Ägypten feiert. Doch was kommt nach dem Rausch? Die Zukunft des Landes ist mehr als ungewiss. Islamisten und Salafisten könnten das Machtvakuum ausnutzen.
Von Steffen Gassel

Sie feiern den Militärputsch ausgelassener als die Revolution. Knapp zweieinhalb Jahre nach dem Sturz von Ex-Präsident Hosni Mubarak haben Zehntausende Ägypter den Tahrir-Platz im Zentrum von Kairo in der vergangenen Nacht wieder in eine gigantische Partymeile verwandelt. Um ihren Militärchef zu bejubeln, der Mohammed Mursi, den erst vor einem Jahr demokratisch gewählten Nachfolger Mubaraks, aus dem Amt gejagt hatte.

Al Sisi vereint die Widersprüche

Die ganze Nacht über spielten sich auf dem Tahrir Szenen frenetischer Entrückung ab. Feuerwerk und Hunderte grüne Laser-Beamer erleuchteten den Nachthimmel über Kairo. Gruppen von Frauen brachen vor Freude in das kehlige Geträller aus, mit dem sonst Frischvermählte auf einer Hochzeit begrüßt werden. Junge Männer fassten einander um die Schultern, tanzten im Kreis und sangen: "Uff, uff – ach, ach – al Sisi hat seinen Schwanz gerade gemacht." Abdelfattah al Sisi, der General an der Spitze des Putschs – in seiner Figur scheinen seit gestern zwei ägyptische Ideale zu verschmelzen. Das alte vom schneidigen, virilen Führer und das neue vom Verteidiger der Demokratie. Doch es ist unwahrscheinlich, dass diese Synthese lange hält. Zu offensichtlich sind die Widersprüche.
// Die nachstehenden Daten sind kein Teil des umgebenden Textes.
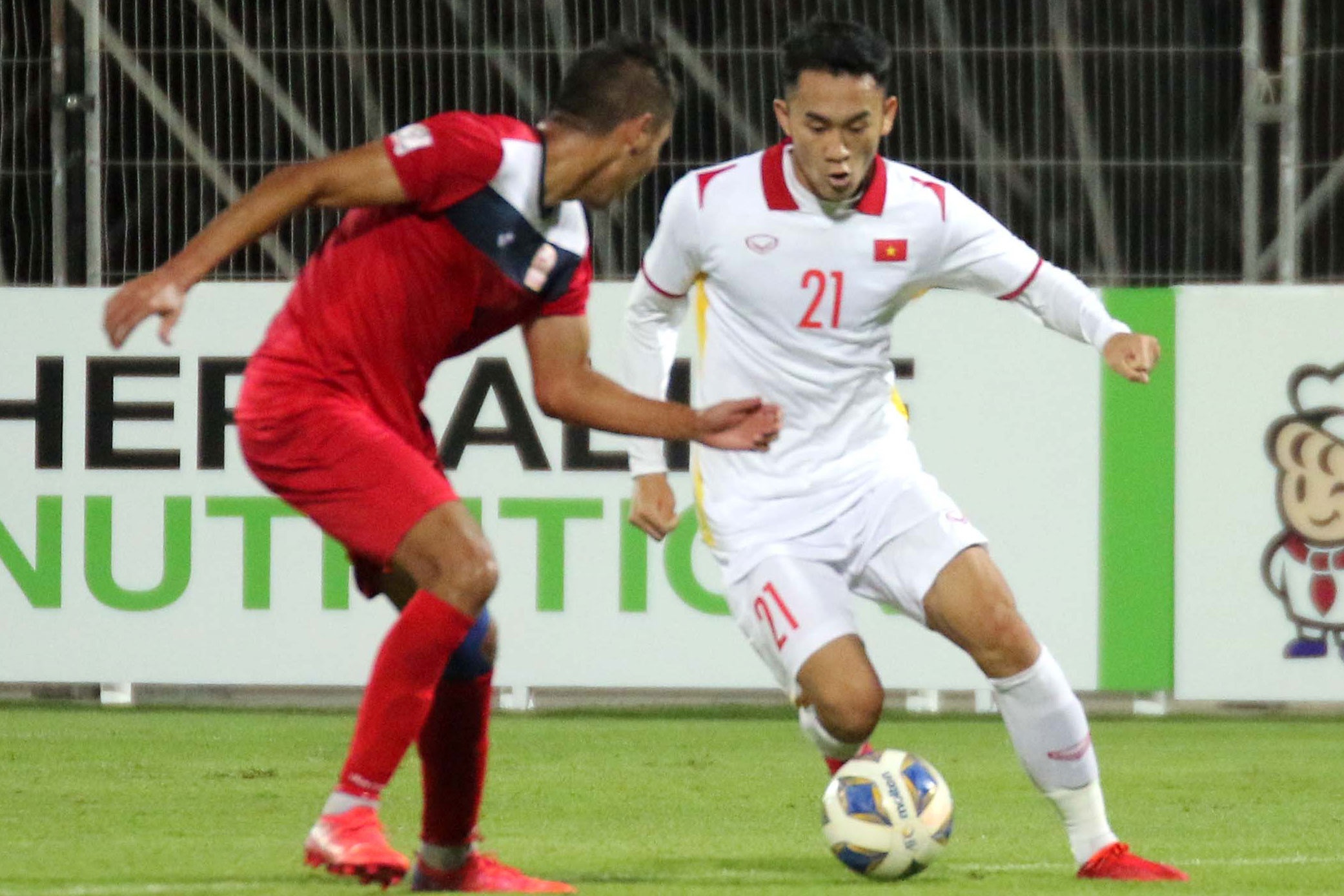 U23 Viet Nam thang 3-0 o tran giao huu truoc them vong loai chau A hinh anh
Da tritt der Friedensnobelpreisträger Mohammed ElBaradei in eine Reihe mit den Generälen, die binnen weniger Stunden Hunderte Spitzenmitglieder der größten politischen Bewegung im Land einfach verhaften lassen und die Medien über Nacht gleichschalten – ganz so als hätte es nie eine Revolution gegeben.
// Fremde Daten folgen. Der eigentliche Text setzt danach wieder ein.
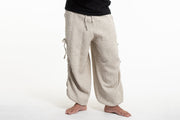 Men's Ribbed Cotton Pants in Beige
Widersprüche vom Rausch überdeckt

Da stellt sich eine Riege aus Liberalen und alten Mubarak-Loyalisten hin und will die Zukunft der Demokratie in Ägypten sichern. Dabei haben sie sich noch vor Wochen dem demokratischen Prozess verweigert – weil der politische Gegner im vergangenen Sommer die Wahl gewonnen hatte. "Ägypten: Liberale gegen Demokraten" titelte ein Kommentator der "New York Times" gestern treffend. Die feiernden Massen interessiert der Widerspruch kaum. Sie durchleben diese Stunden wie im Rausch.

Es geht ihnen für den Moment auch nicht um die Feinheiten des demokratischen Prozederes. Ob sie zuerst einen Präsidenten oder das Parlament wählen werden – und wie bald diese Wahlen stattfinden sollen: Solche Fragen bewegen hier im Augenblick nicht. Die Emotionen, die sich seit gestern Bahn brechen, liegen tiefer. Es geht um kollektive Identität. Um das, was man früher die Seele eines Landes genannt hätte.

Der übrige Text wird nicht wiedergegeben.